Партия скоро вышла из тюрьмы и направилась на Курский вокзал. Случай поговорить с Чарноминской представился мне лишь в Киеве, где стояли наши вагоны, и партия, в ожидании подачи новых, была размещена на платформе. Я вызвал Чарноминскую из партии, и когда она выделилась из серой массы своих товарок и медленно подходила ко мне, — внимательно ее рассматривал. В тюрьме я не обратил на Чарноминскую особенного внимания и только теперь заметил, что передо мной была настоящая красавица. Она была высокого роста и, несмотря на свой неприглядный костюм, заметно было, что она прекрасно сложена. Чарноминская была совершенной брюнеткой; роскошные черные волосы окаймляли красивый смугловатый овал лица и, растрепавшись в дороге, густыми прядями выбивались из-под белого, форменного платка. Я прямо залюбовался ею и в связи с рассказом полковника проникся к ней глубоким сочувствием. Я несколько смутился и не знал, как начать с нею разговор.

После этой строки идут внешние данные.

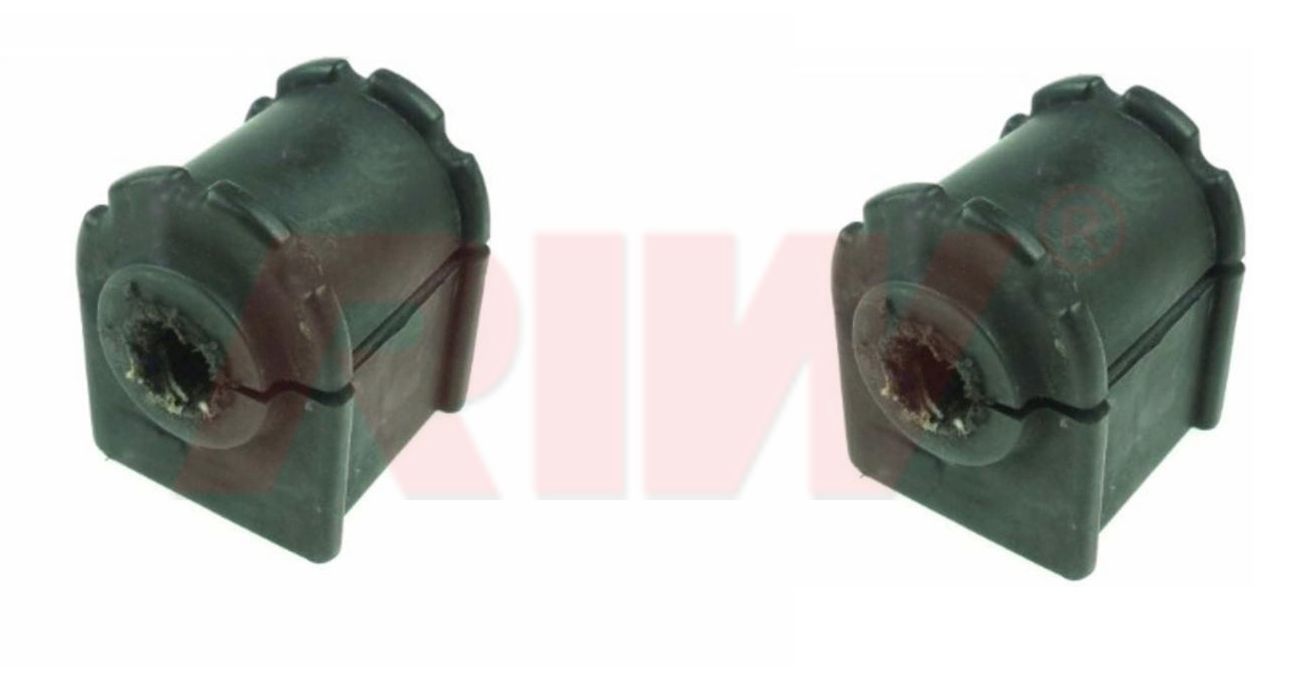  Stabiliser Mounting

— Скажите, вам не пришлось прибегать к своей аптеке, которую вы так отстаивали в Москве? — спросил я Чарноминскую, чтобы как-нибудь завязать разговор.
— Благодарю вас, пока еще нет.
— Я думаю, что до Одессы вам и не придется к ней прибегать; погода чудная, в вагонах тесноты особенной нет; вот на пароходе, там другое дело.
— А вы думаете, что хорошей погоды и воздуха совершенно достаточно, чтобы человек, в каком бы он ни был положении, чувствовал себя хорошо, — несколько обидчиво заметила Чарноминская.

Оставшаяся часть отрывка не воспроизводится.